Стоит признать, что до недавнего времени описание эмоциональной насыщенности города было скорее исключением из правил: “Хотите узнать об аффекте в городе? Читайте романы или стихи”
[38]
. Редкие проявления эмоциональности описывались преимущественно в негативных тонах. Невротизм, бесчувственное равнодушие, меланхолия, мизантропия – свидетельства распада, утраты близкого и знакомого мира – модусы отношений, гораздо более привычные для городских аналитиков. Сколь-нибудь позитивные тональности если и попадали в поле зрения исследователей, то скорее относились к политике и экономике аффекта, практикам искусной манипуляции. Лишь в последнее десятилетие городские исследователи, поддавшись общему тренду социальных наук, постепенно открывают для себя положительные эмоции
[39]
– надежду, доброту, сочувствие, заботу. Один из ведущих городских теоретиков Найджел Трифт признает: “Города могут быть зоной враждебности, но одновременно они и источники надежды”
[40]
. Таким образом, позитивные эмоции представляются нам не тотальным эмоциональным ландшафтом, но инструментом, проявляющим и одновременно создающим пористость города, сложность конфигурации и гетерогенность доминирующих ландшафтов – беспокойства, равнодушия, – поддерживаемых многочисленными агентами влияния. Для нас позитивные эмоции – любопытство, радость открытий, забота и многое другое – важны как результат социального творчества, как зона свободных действий и чувств горожан и городских объединений, как особые пространственные и материальные опыты. Мы полагаем, что разделяемые позитивные опыты и эмоции, вызываемые к жизни совместными действиями, творческими интервенциями, случайными событиями – действенный “социальный клей” нового образца. Именно он позволяет горожанам, усвоившим “право на одиночество” как императив городской жизни
[41]
, создавать временные сообщества или новые общности, воспроизводящие теплоту и заботу традиционных сообществ, но с гораздо более дистанцированными отношениями, нередко и вовсе воображаемыми. Именно поэтому мы нередко радуемся ощутимым знакам присутствия других в городе – забавным надписям, намеренно оставленным книжкам и газетам, другим знакам доброжелательности. Стремясь к сокращению дистанции, но одновременно и поддерживая ее, мы в воображении или реальности повторяем усвоенный порядок действий или маршруты доброжелательных незнакомцев.

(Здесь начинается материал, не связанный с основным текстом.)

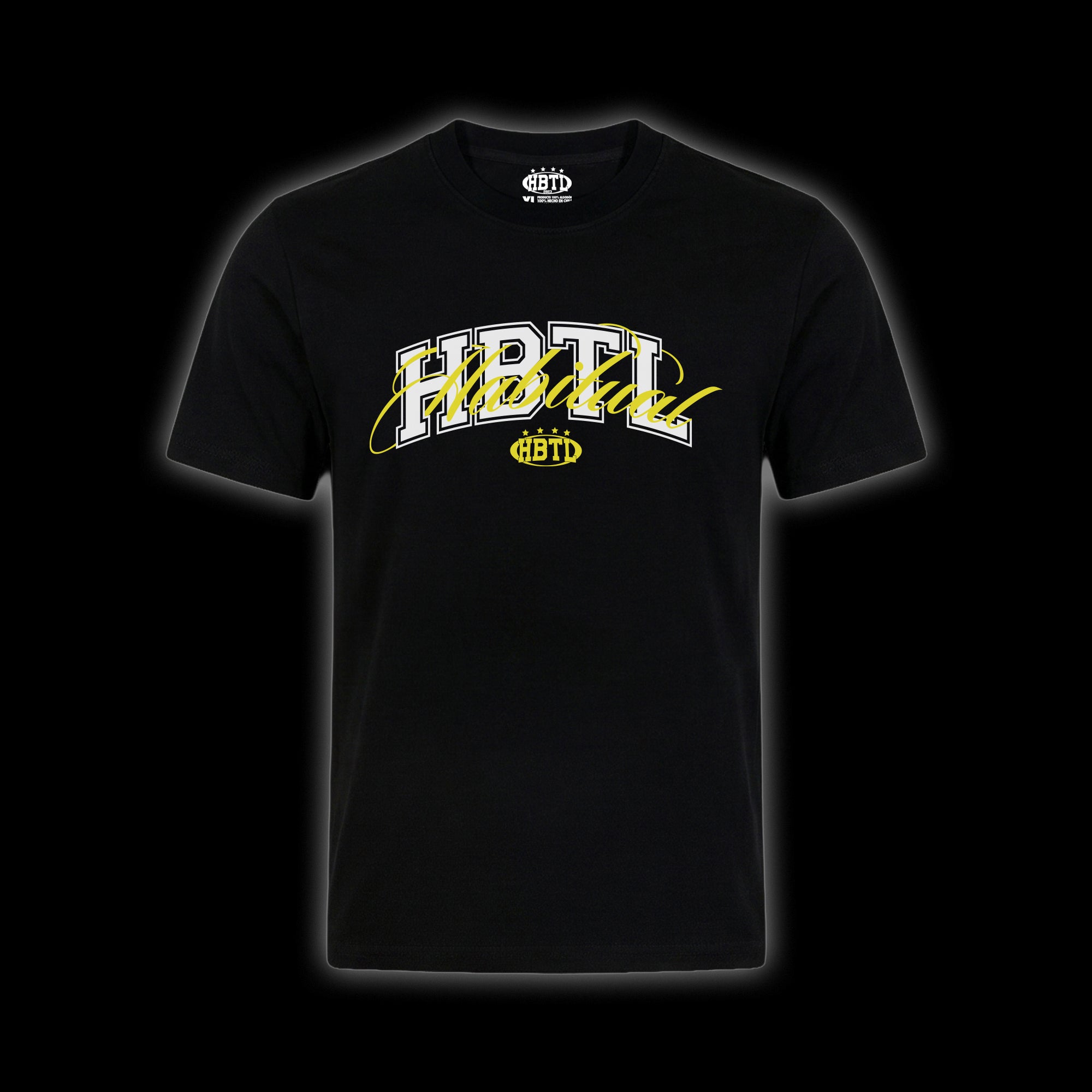 HABITUAL CLUB
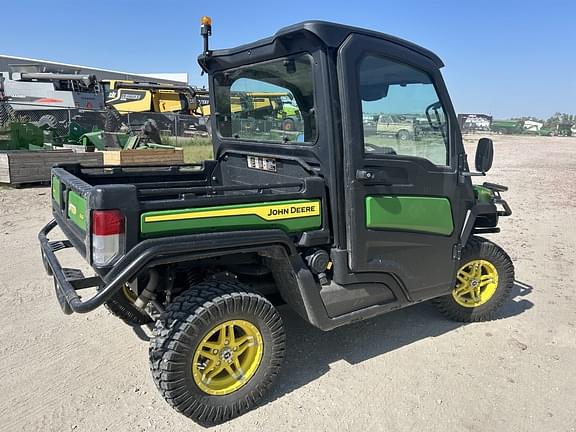 Image of John Deere XUV 835M equipment image 3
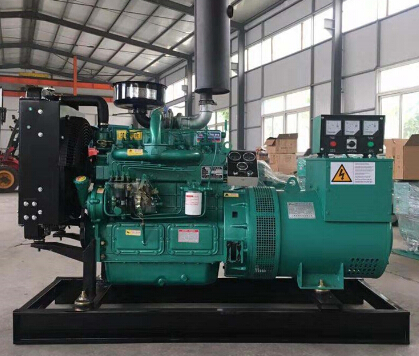 金平宗申动力10kw小型柴油二手发电机 金平宗申动力10kw小型柴油二手发电机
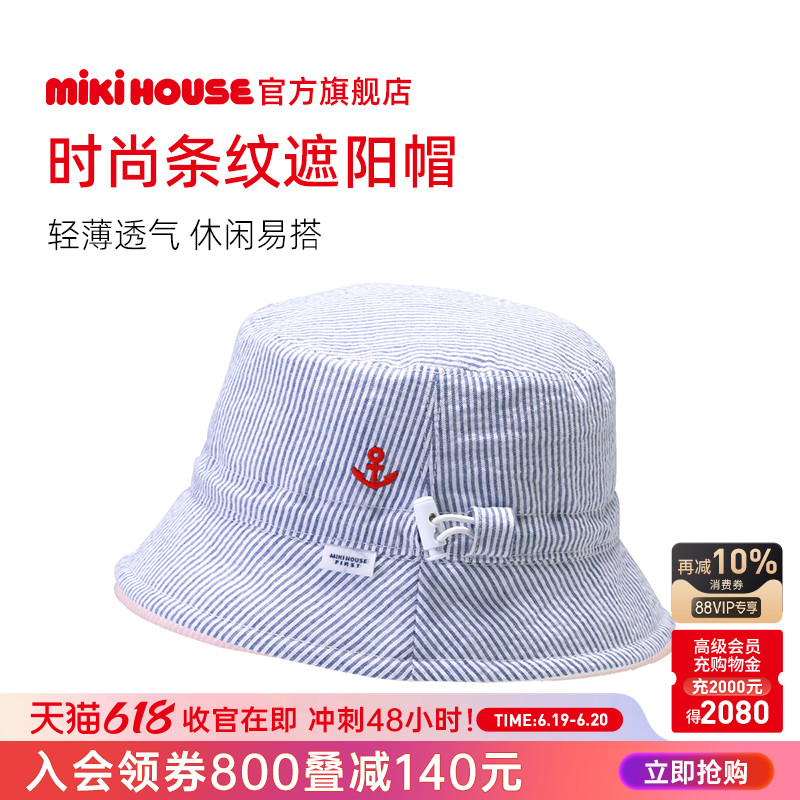 MIKIHOUSEձƶͯñŮññ381Ԫ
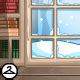 Snowy Book Nook Background Neopets Items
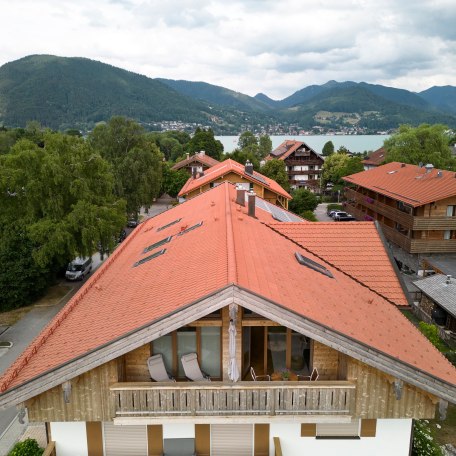 Appartement Dirndl mit Balkon, © im-web.de/ Regionalentwicklung Oberland Kommunalunternehmen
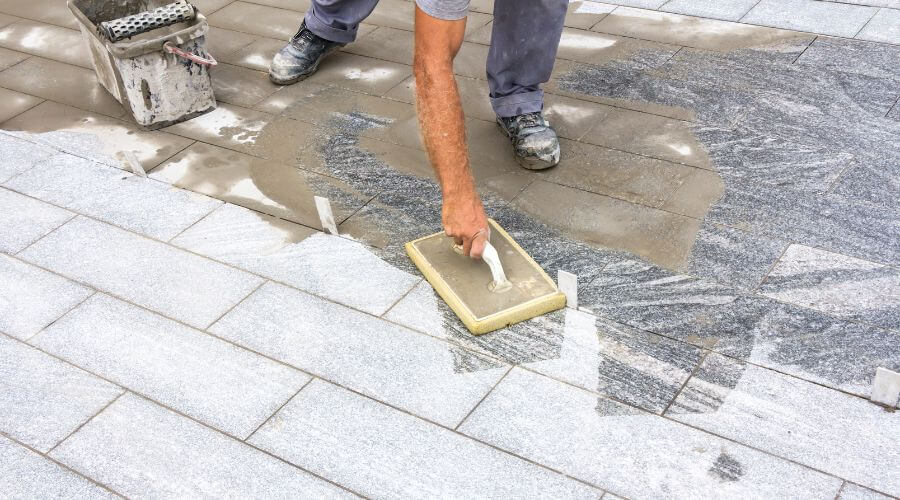 Expert tile roof repair services in Cumberland, VA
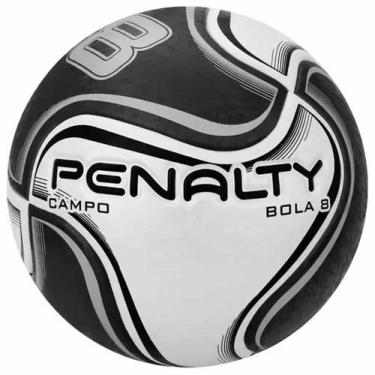 Imagem de Bola Penalty Futebol De Campo 8 X Termotec 521285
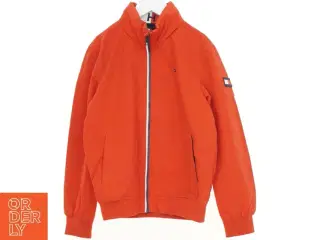 Tommy Hilfiger jakke (str. 140 cm)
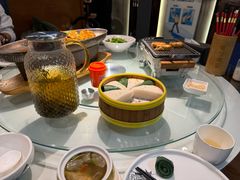 -徽韵人家·传承正宗徽菜(牡丹园店)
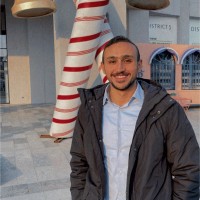Hussein Essam El-Sheikh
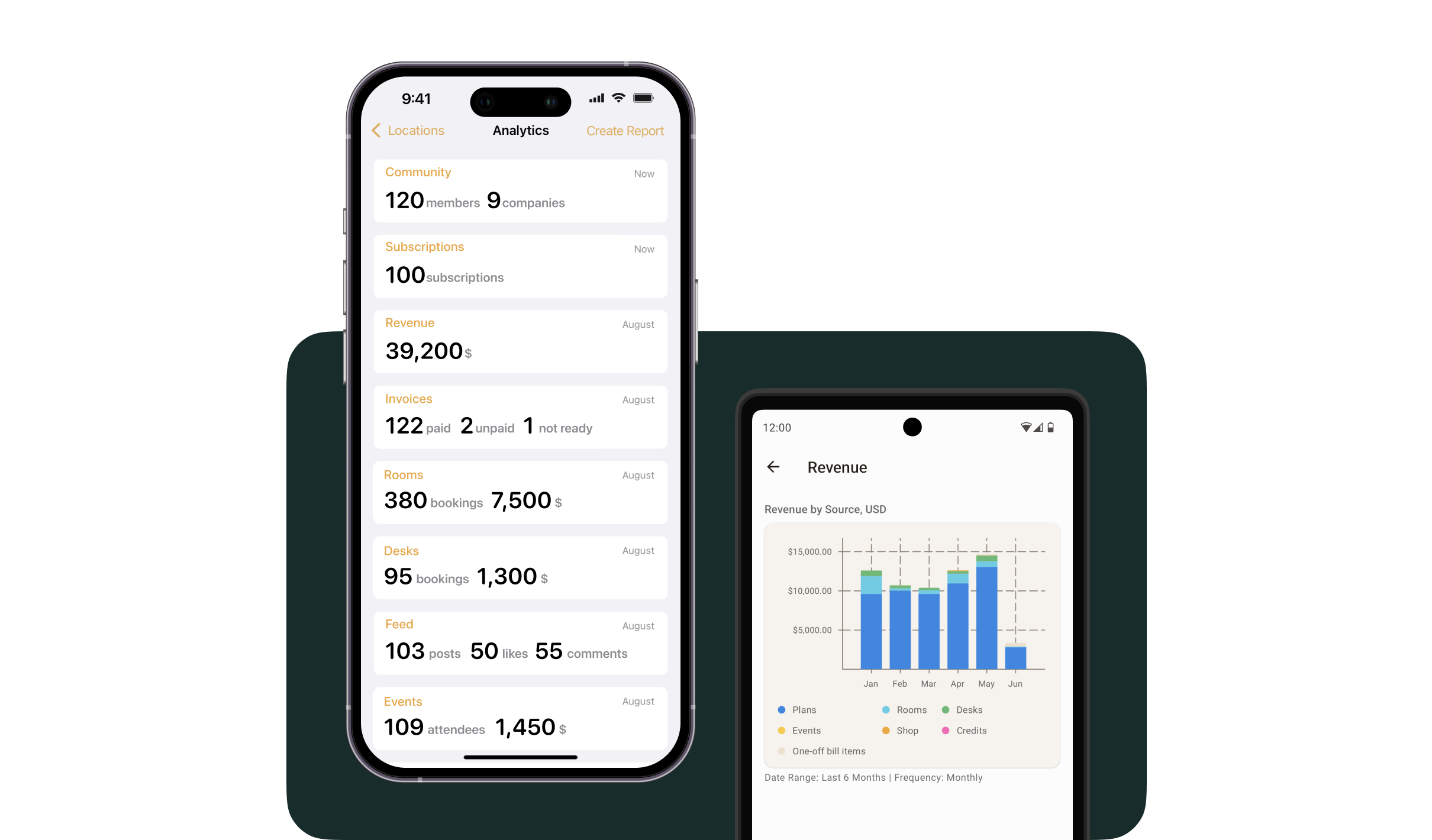 spacebring Screenshot #0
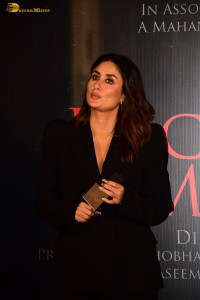 The Buckingham Murders Trailer Launch attended by Kareena Kapoor, Ekta Kapoor, and others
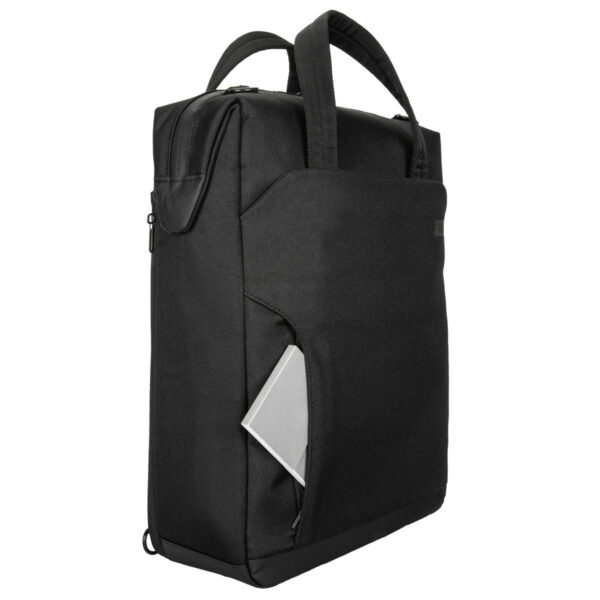 Targus Work+ backpack Black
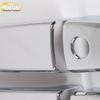 12-16 Encore Door Handle Bright Strip - Electroplated Handle Grip Sticker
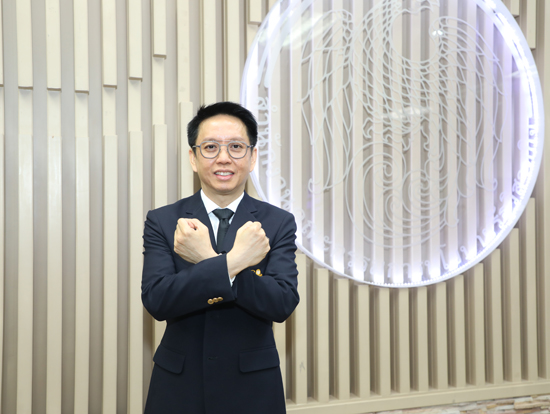 สคร. จัดงานวันต่อต้านคอร์รัปชันสากล (ประเทศไทย) ประจำปี 2566 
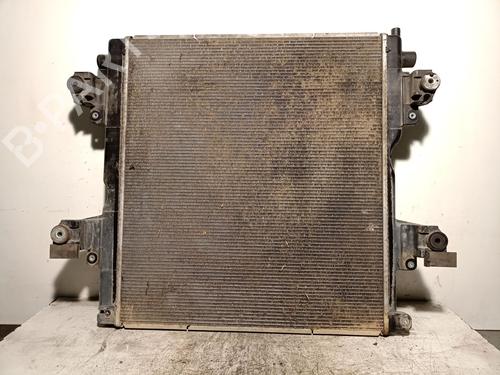 Water radiator TOYOTA LAND CRUISER PRADO (_J15_) 3.0 D-4D (KDJ155_, KDJ150_, KDJ150R, KDJ155R) | BP20674694M31 
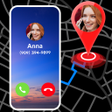 Icono de programa: Phone Number Locator - Ca…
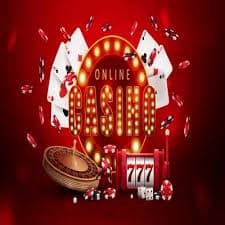 Aplikasi Android kasino jp menampilkan layar unggah dokumen identitas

Городские персонажи значимы и сами по себе, и своими сложными отношениями с городом и его обитателями. Множественность персонажей нередко пугает городских исследователей, напоминая борхесовский “сад расходящихся тропок” – “бесчисленность временных рядов, растущую, головокружительную сеть расходящихся, сходящихся и параллельных времен”
[42]
. Однако именно введение человеческой перспективы позволяет понять, как происходит сборка города, как из множества разнонаправленных действий и синхронизированных взаимодействий возникает “мягкий город” (soft city)
[43]
– изменчивый, подвижный, образуемый перемещениями и пересечениями маршрутов жителей, движимых “надеждами, ожиданиями и привычками”
[44]
. Мягкий город дополняет, расширяет, накладывается поверх, а в некоторых случаях и противостоит “жесткому городу” (hard city) – зданиям, инфраструктуре, предполагающим фиксированные сценарии использования. Городские разведывательные экспедиции, граффити и стрит-арт – наиболее радикальные примеры городской “достройки”, когда своими телами и перемещениями горожане обнаруживают и осваивают новые возможности и измерения города
[45]
. Расширение города или отдельных городских пространств может быть и гораздо более привычным и обыденным, как это показывает опыт городских “сумчатых” – пассажиров городского транспорта, чей багаж становится значимым продолжением тела и способом присвоения пространства (см. статью Александры Ивановой).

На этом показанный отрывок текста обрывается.